=== ABOUT THIS TASK ===
The response should repeat word for word every line below from the one with "Living Room, White" to the one with "Pontonboot Bootfahren Pontooning Angeln Retro", inclusive, and nothing else; leave pictures out.

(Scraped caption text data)
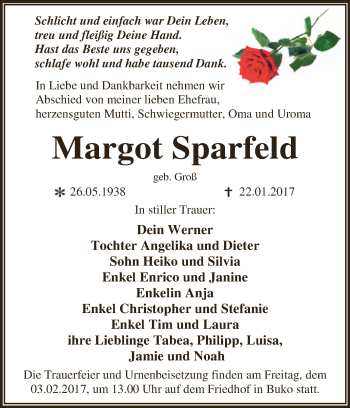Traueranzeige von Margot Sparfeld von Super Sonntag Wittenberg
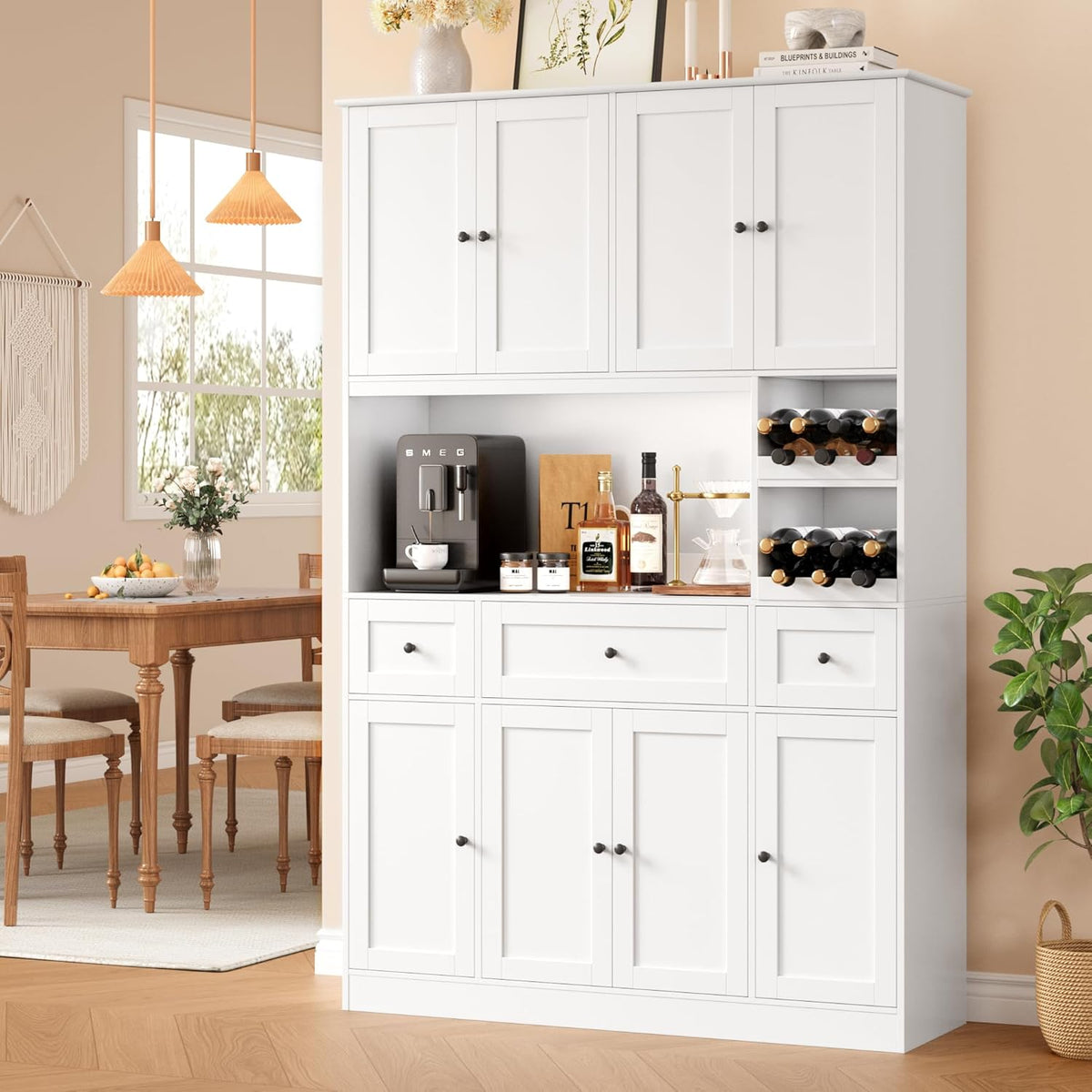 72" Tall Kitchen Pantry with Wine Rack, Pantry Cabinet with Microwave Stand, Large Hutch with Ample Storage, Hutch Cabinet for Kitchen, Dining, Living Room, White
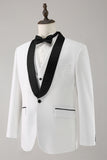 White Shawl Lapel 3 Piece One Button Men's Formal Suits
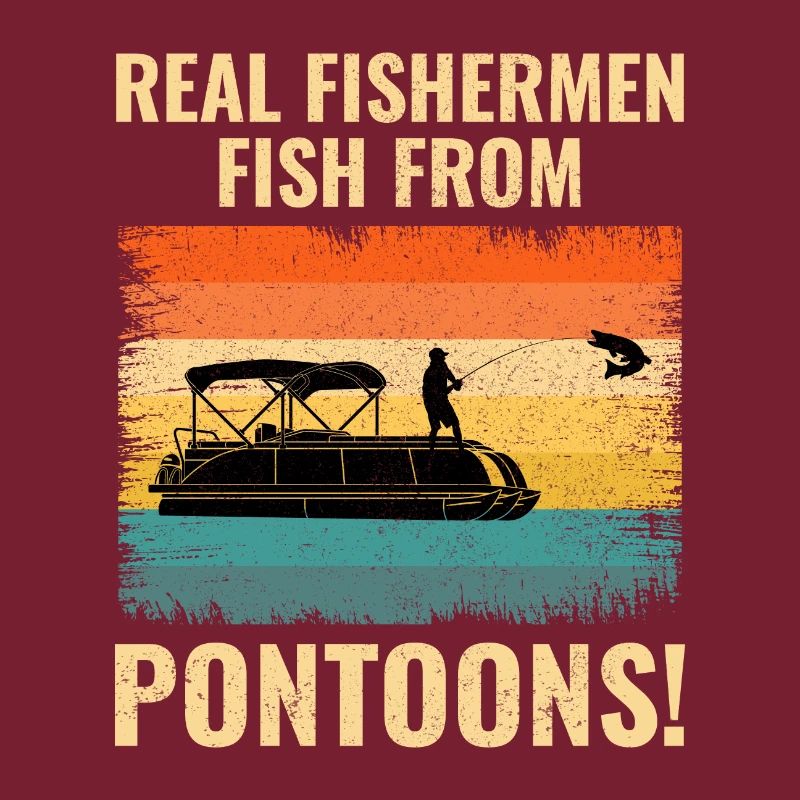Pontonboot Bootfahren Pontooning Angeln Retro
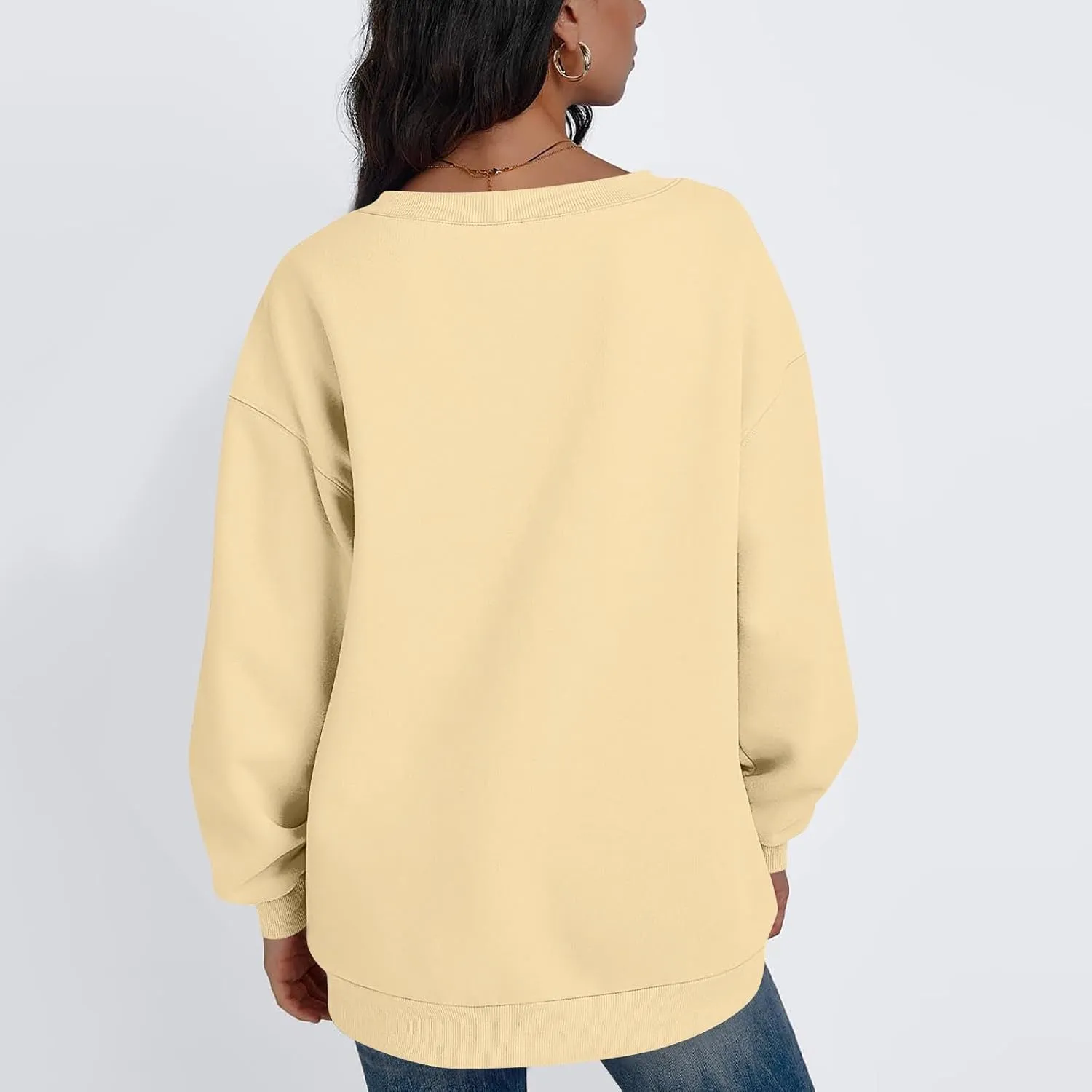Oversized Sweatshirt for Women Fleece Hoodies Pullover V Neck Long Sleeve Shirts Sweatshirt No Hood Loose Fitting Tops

=== TASK ANSWER ===
 72" Tall Kitchen Pantry with Wine Rack, Pantry Cabinet with Microwave Stand, Large Hutch with Ample Storage, Hutch Cabinet for Kitchen, Dining, Living Room, White
 White Shawl Lapel 3 Piece One Button Men's Formal Suits
Pontonboot Bootfahren Pontooning Angeln Retro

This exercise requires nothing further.